A third channel offered: “. . . the President had no comment on the news, pending further details. Vice-President Chalmers, attending a meeting in Detroit, coimnented: ‘This is not as incredible a development as superficial appearances would indicate. Science has long had the power to save human lives; this is merely the next step. We should not lose our sense of proportion in considering this matter?

Harker felt a sudden need for fresh air. He muscled his way through the crowded lounge and out onto the dormitory porch.

Confusion reigned everywhere. His tentative plans for making a careful survey of the situation had gone up in one puff of press-agentry; from now on, he would have to improvise, setting his course with desperate agility.

He tried to tell himself that things would quiet down before long, once the initial impact had expended itself.
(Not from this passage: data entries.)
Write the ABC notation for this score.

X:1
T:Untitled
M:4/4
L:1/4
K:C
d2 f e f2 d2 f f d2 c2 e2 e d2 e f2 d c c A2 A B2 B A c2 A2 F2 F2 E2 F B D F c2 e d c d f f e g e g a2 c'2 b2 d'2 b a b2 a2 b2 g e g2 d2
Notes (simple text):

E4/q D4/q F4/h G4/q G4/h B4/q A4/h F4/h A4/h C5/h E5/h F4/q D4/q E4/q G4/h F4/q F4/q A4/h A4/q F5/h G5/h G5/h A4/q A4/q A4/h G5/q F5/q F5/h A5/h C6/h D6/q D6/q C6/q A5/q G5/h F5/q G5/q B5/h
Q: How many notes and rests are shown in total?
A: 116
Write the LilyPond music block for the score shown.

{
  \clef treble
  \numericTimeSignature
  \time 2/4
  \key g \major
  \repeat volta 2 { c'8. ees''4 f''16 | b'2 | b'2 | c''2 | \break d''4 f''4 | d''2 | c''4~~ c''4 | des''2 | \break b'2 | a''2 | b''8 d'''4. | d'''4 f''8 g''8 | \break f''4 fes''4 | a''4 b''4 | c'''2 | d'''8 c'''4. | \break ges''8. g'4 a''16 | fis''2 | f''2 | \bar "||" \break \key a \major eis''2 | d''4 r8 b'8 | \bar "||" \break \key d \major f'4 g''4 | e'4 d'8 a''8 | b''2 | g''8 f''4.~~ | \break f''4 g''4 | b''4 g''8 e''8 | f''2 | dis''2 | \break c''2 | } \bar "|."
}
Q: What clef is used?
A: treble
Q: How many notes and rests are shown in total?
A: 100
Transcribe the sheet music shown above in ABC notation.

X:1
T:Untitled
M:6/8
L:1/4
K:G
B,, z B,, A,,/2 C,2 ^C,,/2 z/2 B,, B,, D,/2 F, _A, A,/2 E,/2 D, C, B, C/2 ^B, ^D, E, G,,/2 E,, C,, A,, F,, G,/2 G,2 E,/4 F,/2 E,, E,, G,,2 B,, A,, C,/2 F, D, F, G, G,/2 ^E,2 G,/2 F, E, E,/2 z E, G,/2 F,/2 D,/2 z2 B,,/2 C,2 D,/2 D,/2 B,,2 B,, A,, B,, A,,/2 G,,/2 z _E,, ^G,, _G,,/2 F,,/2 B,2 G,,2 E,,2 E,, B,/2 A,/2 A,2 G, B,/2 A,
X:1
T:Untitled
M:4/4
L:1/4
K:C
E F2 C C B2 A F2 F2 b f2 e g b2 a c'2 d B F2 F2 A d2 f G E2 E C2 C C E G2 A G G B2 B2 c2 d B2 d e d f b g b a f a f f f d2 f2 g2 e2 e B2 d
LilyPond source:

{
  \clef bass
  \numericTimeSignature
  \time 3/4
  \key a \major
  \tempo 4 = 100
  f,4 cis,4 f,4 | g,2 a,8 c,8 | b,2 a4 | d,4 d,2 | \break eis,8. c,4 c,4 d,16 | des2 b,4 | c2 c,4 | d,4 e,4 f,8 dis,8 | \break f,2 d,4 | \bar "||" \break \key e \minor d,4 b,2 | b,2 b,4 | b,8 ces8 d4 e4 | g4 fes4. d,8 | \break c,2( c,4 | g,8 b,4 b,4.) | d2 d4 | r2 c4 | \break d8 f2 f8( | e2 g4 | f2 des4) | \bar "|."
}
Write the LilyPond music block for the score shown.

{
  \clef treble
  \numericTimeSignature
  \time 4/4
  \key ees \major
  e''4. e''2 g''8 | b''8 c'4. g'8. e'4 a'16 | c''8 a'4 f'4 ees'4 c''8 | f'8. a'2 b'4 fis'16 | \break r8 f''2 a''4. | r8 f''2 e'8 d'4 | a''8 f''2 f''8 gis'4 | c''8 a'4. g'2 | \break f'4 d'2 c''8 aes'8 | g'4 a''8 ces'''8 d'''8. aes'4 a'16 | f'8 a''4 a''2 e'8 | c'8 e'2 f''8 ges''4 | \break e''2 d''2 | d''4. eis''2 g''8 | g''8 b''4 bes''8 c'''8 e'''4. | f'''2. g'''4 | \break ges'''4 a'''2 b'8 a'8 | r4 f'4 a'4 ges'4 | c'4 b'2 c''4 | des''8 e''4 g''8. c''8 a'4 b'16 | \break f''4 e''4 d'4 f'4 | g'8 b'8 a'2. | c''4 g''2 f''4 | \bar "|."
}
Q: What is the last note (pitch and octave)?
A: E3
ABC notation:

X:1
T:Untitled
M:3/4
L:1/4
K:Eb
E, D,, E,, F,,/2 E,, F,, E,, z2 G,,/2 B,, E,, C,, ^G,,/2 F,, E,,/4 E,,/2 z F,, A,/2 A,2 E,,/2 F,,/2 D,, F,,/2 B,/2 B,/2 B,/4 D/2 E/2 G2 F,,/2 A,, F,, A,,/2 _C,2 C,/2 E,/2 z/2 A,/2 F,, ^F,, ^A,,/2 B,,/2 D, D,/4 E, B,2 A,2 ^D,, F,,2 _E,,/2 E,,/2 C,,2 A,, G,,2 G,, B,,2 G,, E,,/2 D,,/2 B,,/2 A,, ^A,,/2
But he was too well schooled in the study of mass human behavior to be able to make himself believe any such naive hope.

The man in the street could only be thinking one thing now: that the power of death over humanity had ended. In future days, death would have no dominion.

But how would they react? Jubilantly, or with terror? What would they say when they learned that five times out of six, life could be restored—but the sixth time a mindless idiot was the product?

Fear and trembling lay ahead, and days of uncertainty. Harker let the warm mid-May sun beat down on him; he stared up at the sky as if looking into tomorrow.

The sky held no answers. Confusion would be tomorrow’s watchword. And there was no turning back, now, not for any of them.